** DESCRIPTION OF THE TASK **
In the entries below, find the line with "Metal strip for" and the line with "Bag of Miracle-Gro"; reproduce those two lines and all lines between them exactly, without pictures.

** SUPPLIED MATERIAL **
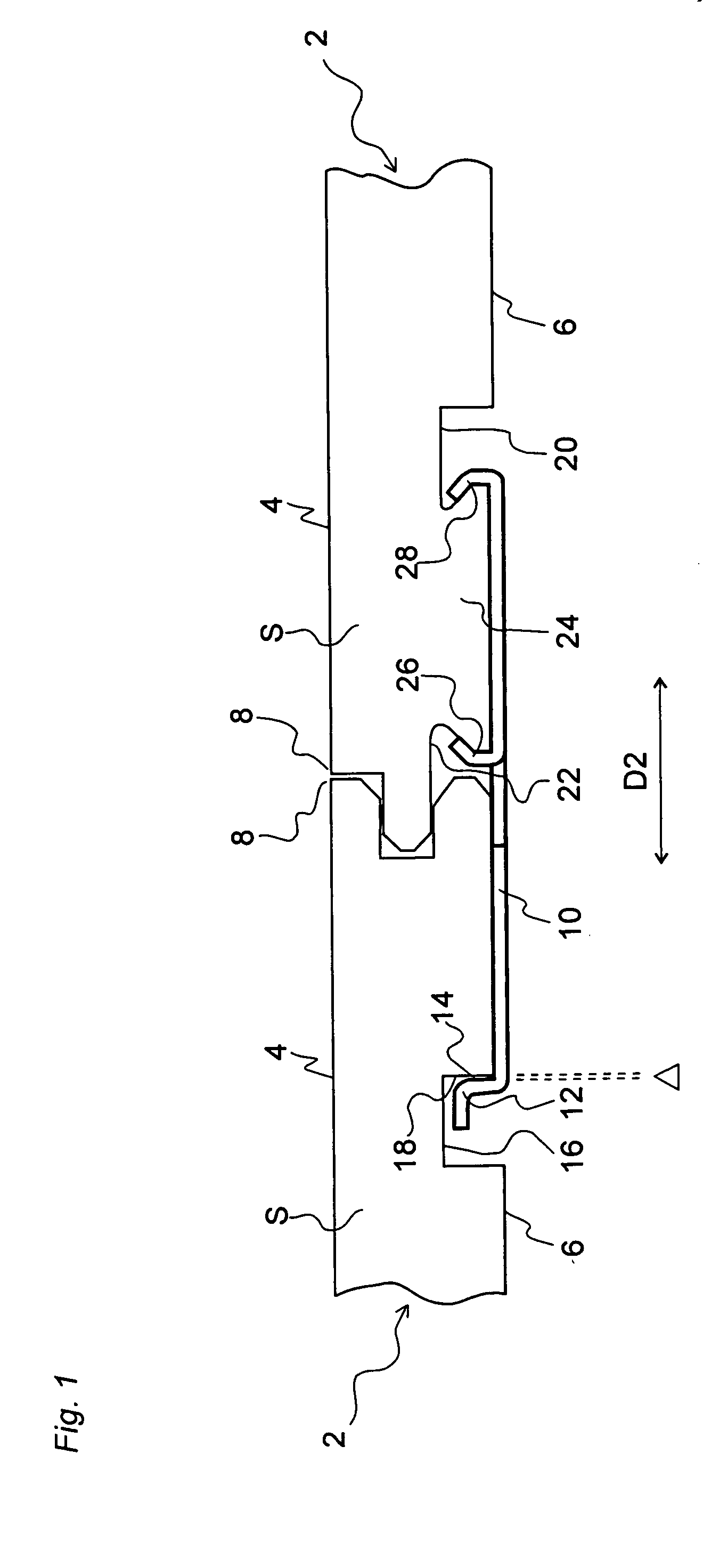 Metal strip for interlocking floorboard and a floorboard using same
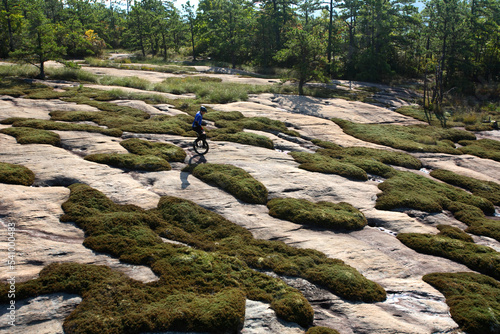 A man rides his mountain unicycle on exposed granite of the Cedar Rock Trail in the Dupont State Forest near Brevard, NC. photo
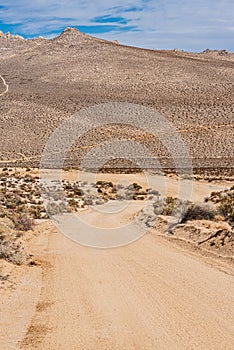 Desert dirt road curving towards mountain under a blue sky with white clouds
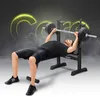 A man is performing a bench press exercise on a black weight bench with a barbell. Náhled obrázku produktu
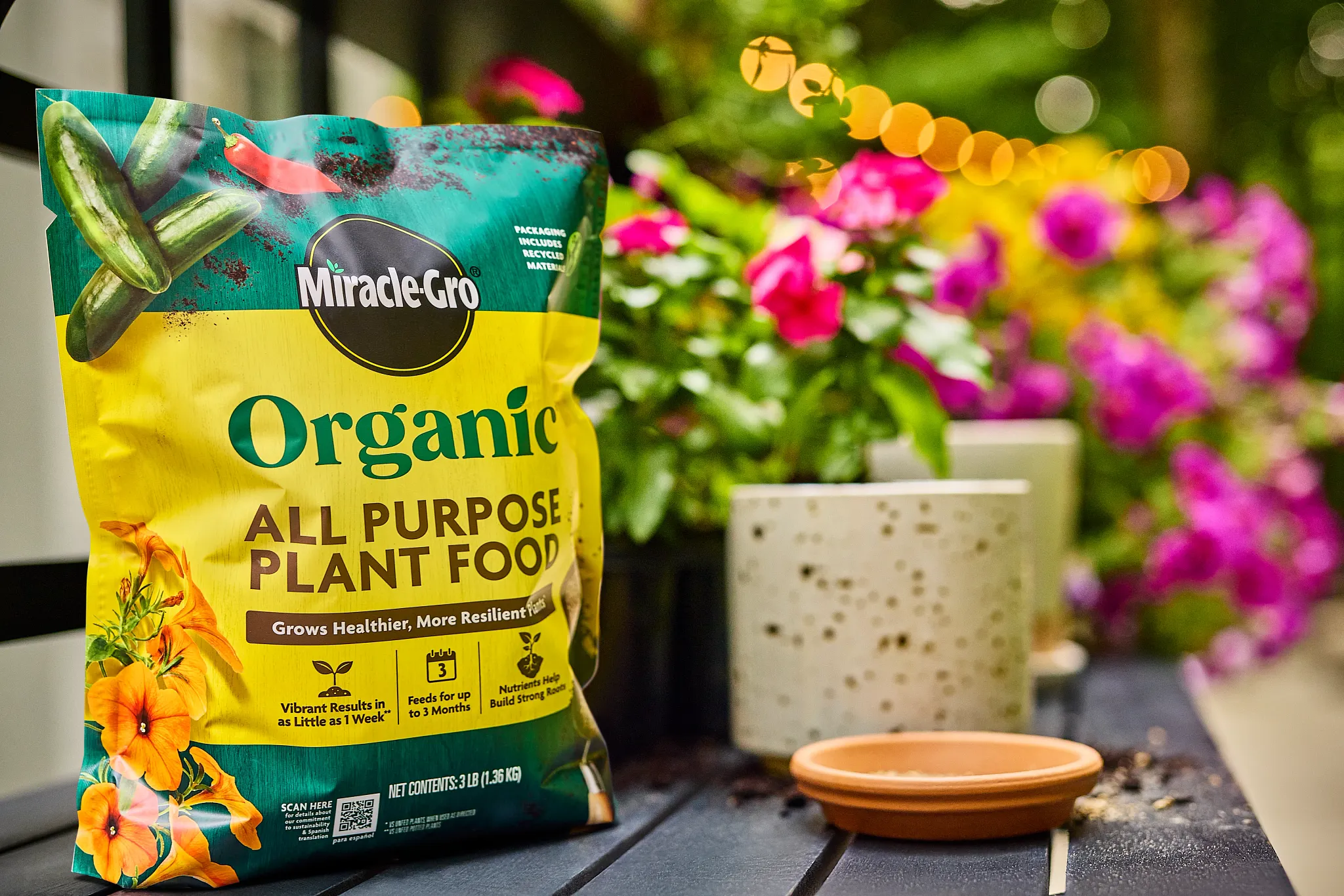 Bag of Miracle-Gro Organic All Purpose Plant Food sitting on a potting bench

==

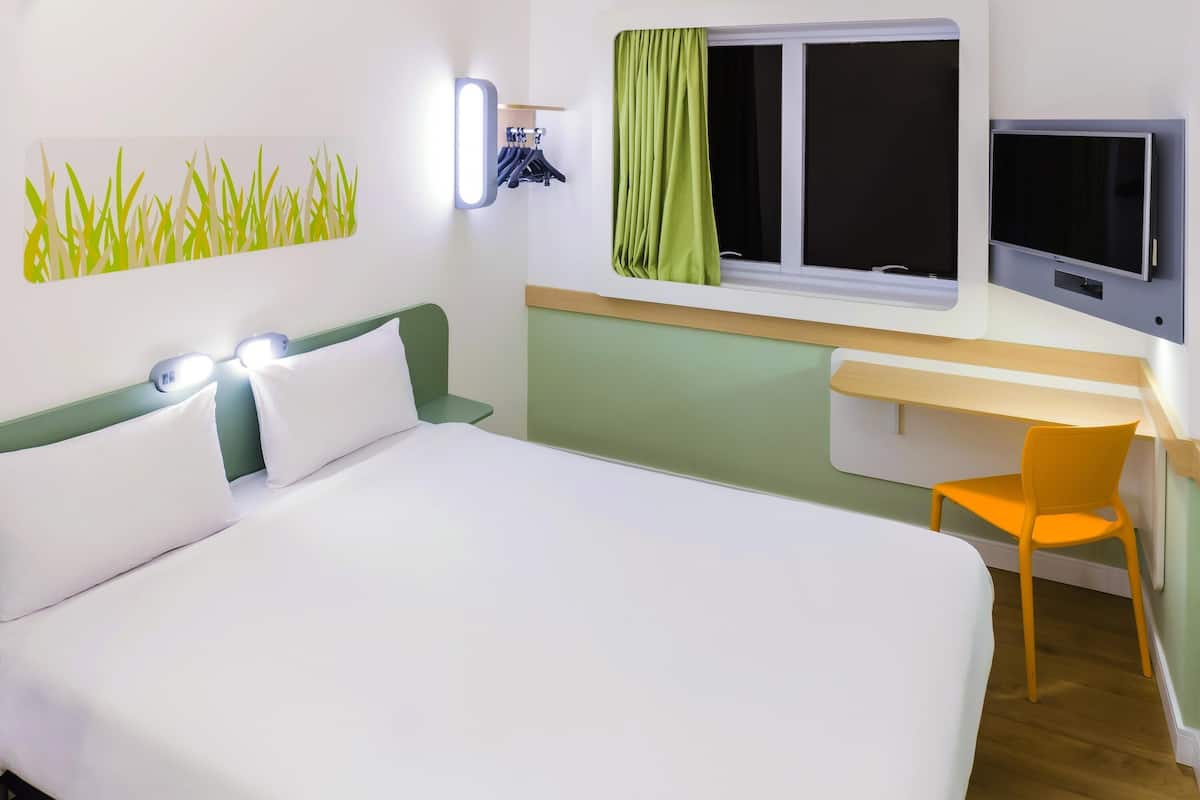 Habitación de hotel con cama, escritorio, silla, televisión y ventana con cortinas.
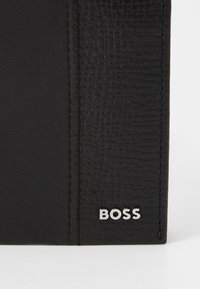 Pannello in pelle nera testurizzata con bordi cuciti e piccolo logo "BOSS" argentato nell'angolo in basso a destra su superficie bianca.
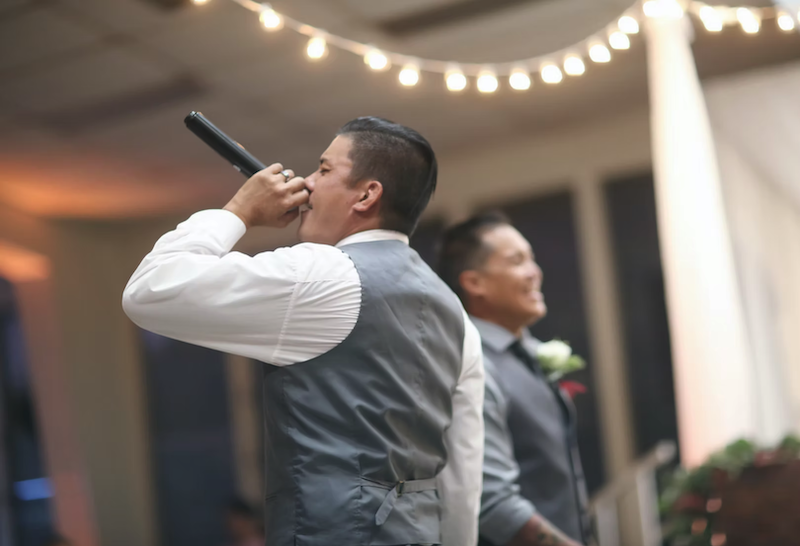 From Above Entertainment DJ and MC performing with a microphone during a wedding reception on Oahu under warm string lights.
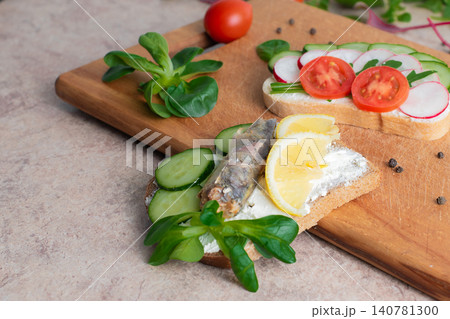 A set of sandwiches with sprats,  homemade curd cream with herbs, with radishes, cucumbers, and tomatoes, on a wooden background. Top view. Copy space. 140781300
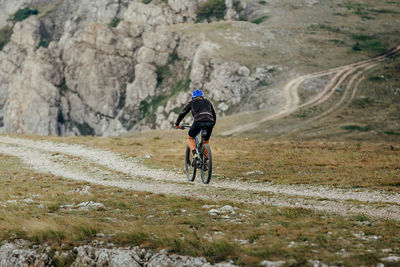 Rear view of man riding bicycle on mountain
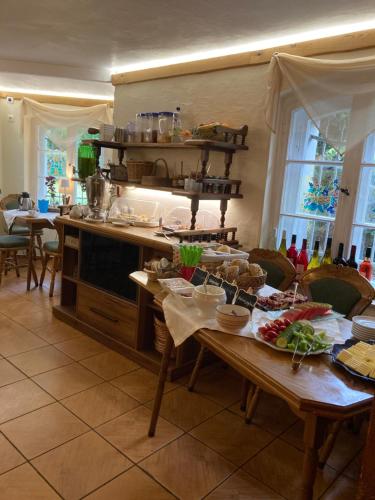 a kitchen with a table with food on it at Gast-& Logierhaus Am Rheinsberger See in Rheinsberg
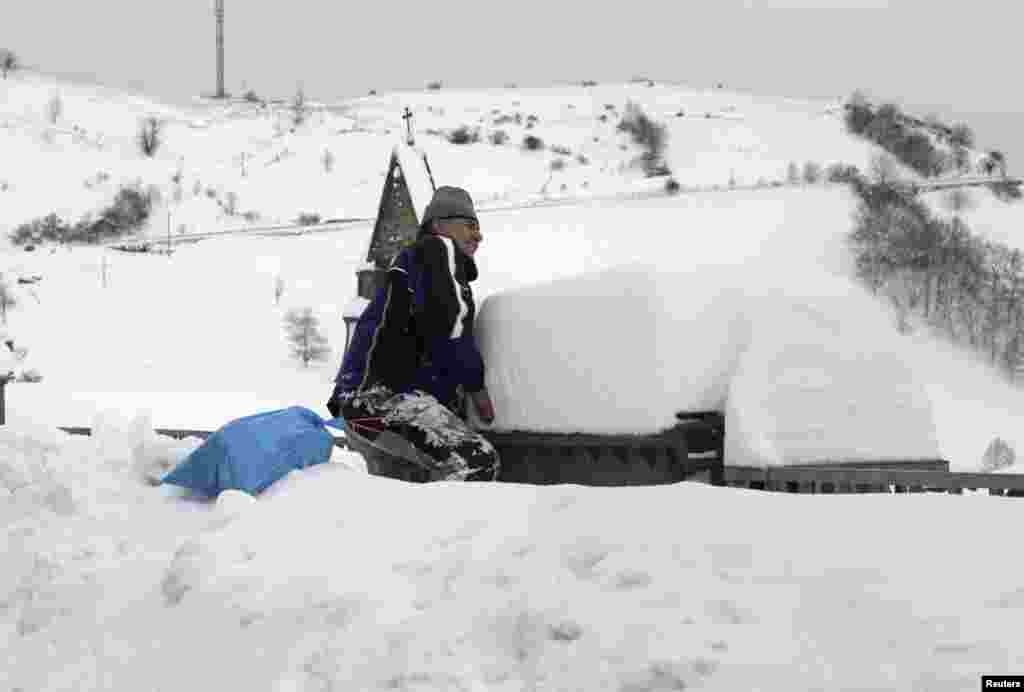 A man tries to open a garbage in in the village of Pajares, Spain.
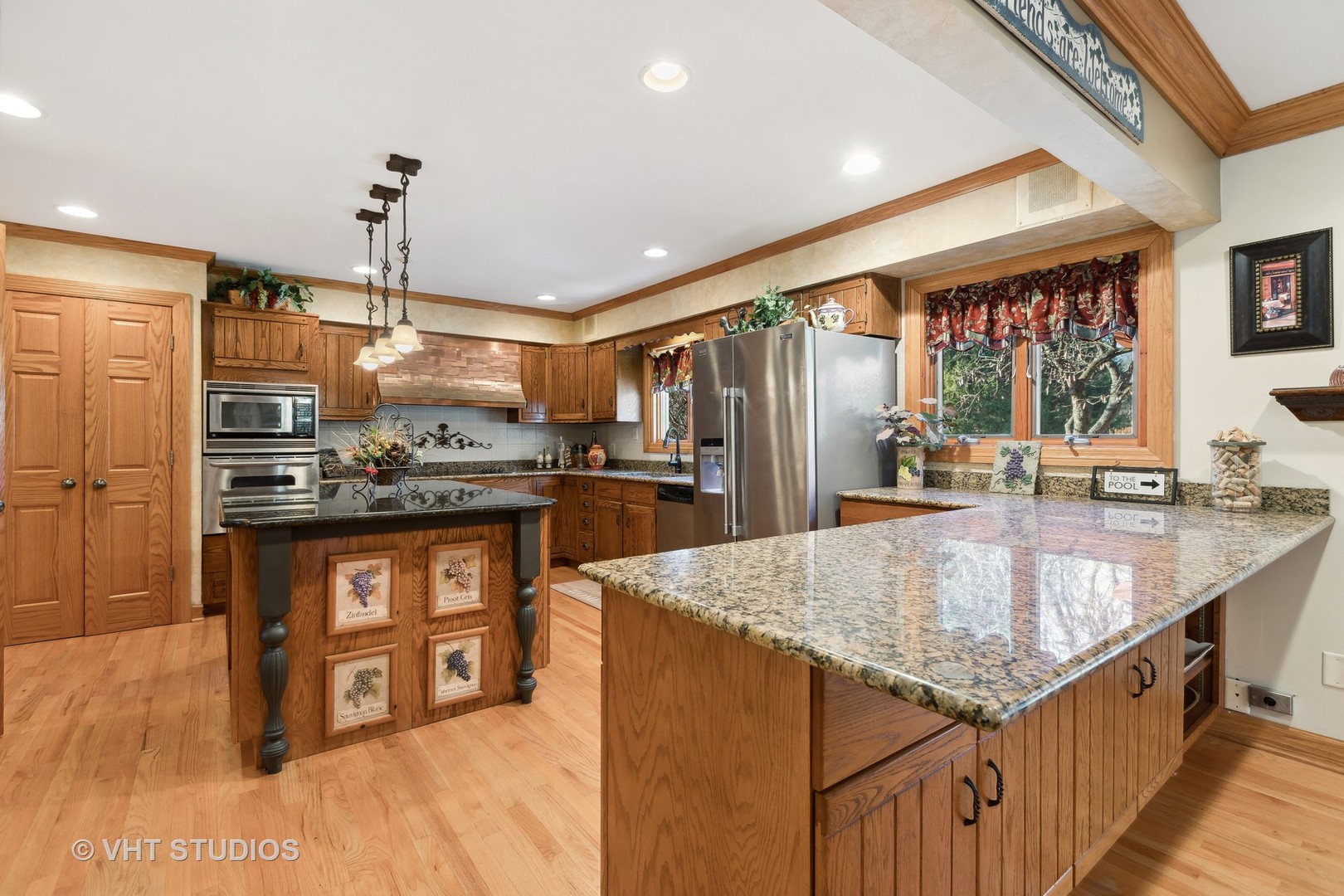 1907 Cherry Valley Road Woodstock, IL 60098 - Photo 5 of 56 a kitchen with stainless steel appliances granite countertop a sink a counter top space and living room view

==

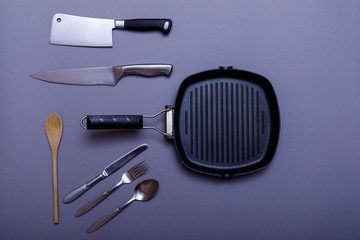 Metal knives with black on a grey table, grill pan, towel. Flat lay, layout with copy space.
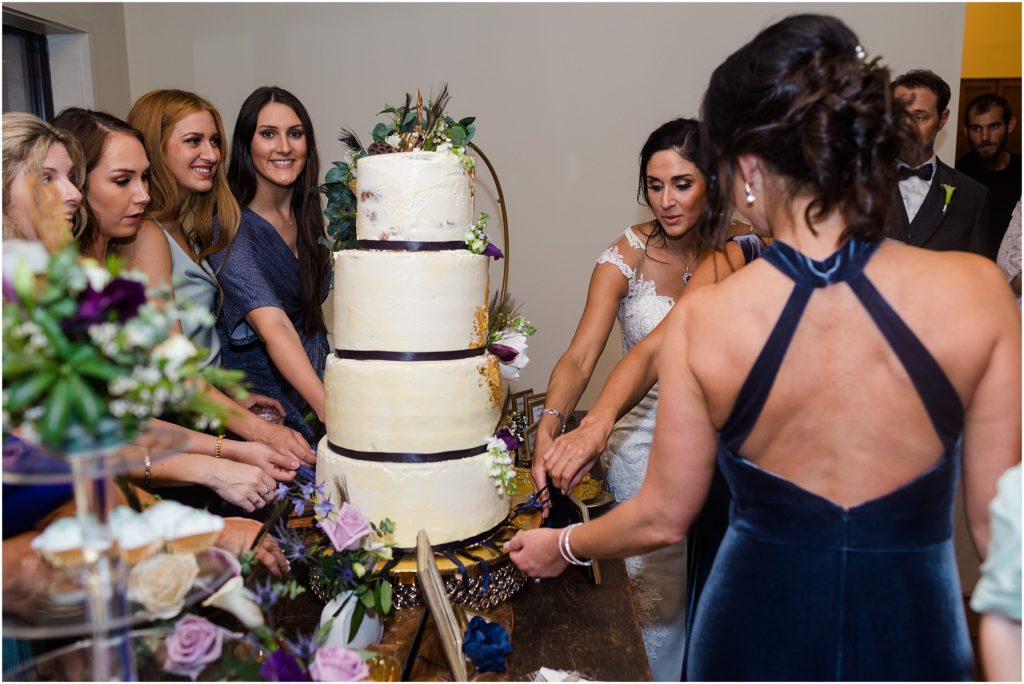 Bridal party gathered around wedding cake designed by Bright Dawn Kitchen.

** REPLY TO THE TASK **
 Metal strip for interlocking floorboard and a floorboard using same
 A man rides his mountain unicycle on exposed granite of the Cedar Rock Trail in the Dupont State Forest near Brevard, NC. photo
 Desert dirt road curving towards mountain under a blue sky with white clouds
 A man is performing a bench press exercise on a black weight bench with a barbell. Náhled obrázku produktu
 Bag of Miracle-Gro Organic All Purpose Plant Food sitting on a potting bench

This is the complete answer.